HEDY LAMARR’S DOUBLE LIFE: HOLLYWOOD STAR AND BRILLIANT INVENTOR

Author/Illustrator: Laurie Wallmark, illustrations by Katy Wu

Publication Info.: Sterling, 2019

Ages/Grades: ages 5 and up

Category: narrative nonfiction, biography

Overview (from the publisher):

Movie star by day, ace inventor at night: learn about the hidden life of actress Hedy Lamarr!
“To her adoring public, Hedy Lamarr was a glamorous movie star, widely considered the most beautiful woman in the world. But in private, she was something more: a brilliant inventor. And for many years only her closest friends knew her secret. Now Laurie Wallmark and Katy Wu, who collaborated on Sterling’s critically acclaimed picture-book biography Grace Hopper: Queen of Computer Code, tell the inspiring story of how, during World War Two, Lamarr developed a groundbreaking communications system that still remains essential to the security of today’s technology.”

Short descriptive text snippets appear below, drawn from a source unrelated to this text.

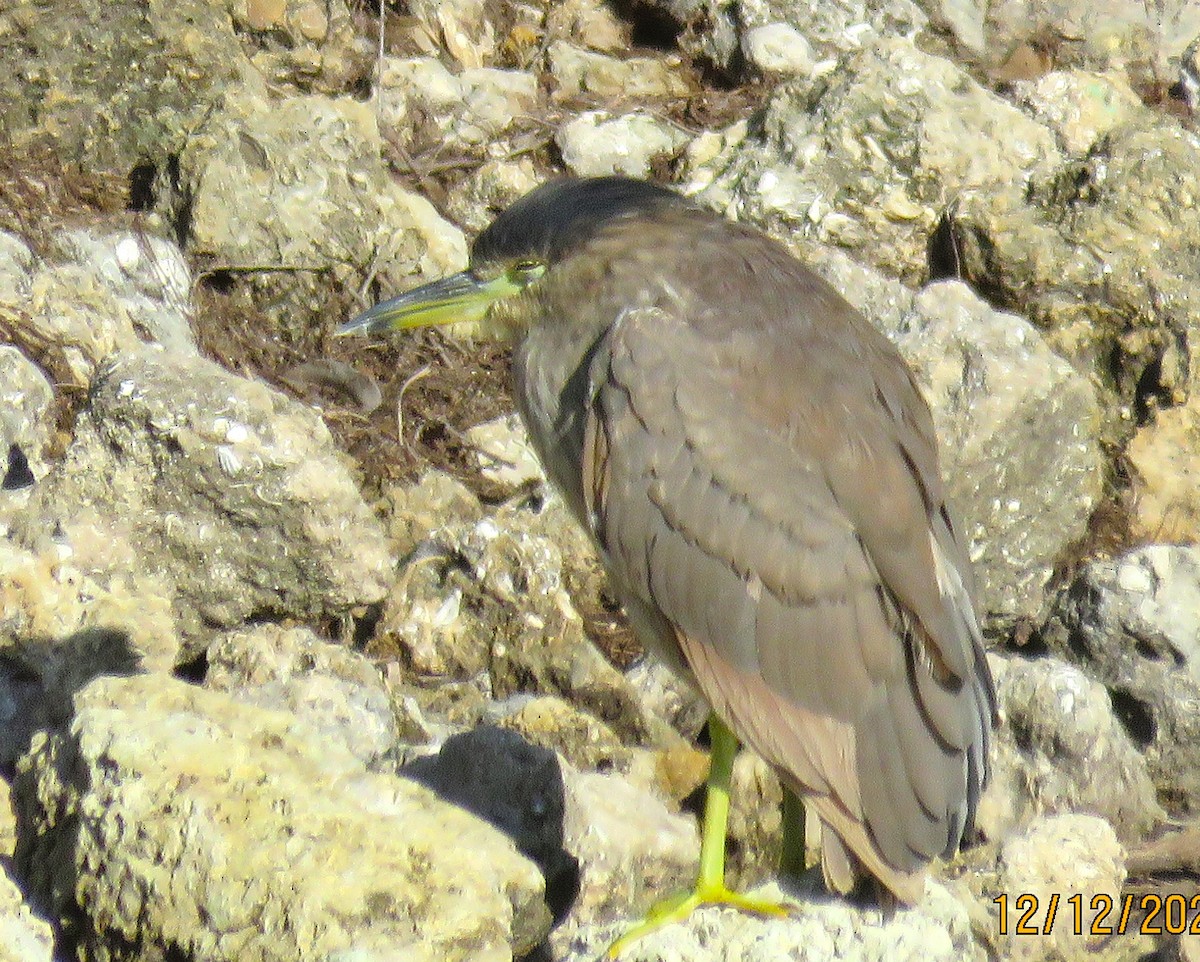 Amiltxori arrunta - ML646924920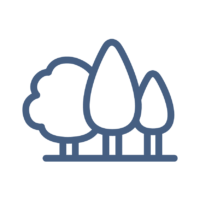 Icon of several trees growing next to each other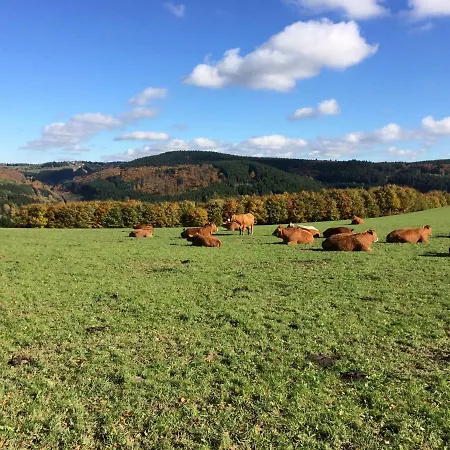 Апартаменты Edel *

What’s noteworthy for authors and educators:

Often providing too much context in a biography would steer us off our story path. Here, Laurie Wallmark needed readers to understand the breadth and depth of Hedy Lamarr’s inventive nature. Instead of listing Hedy’s many inventions in the text, Katy Wu includes them in the illustrations (below). Perfect solution.

Additional Resources:

Laurie Wallmark’s site includes a curriculum guide and other activities. Click here.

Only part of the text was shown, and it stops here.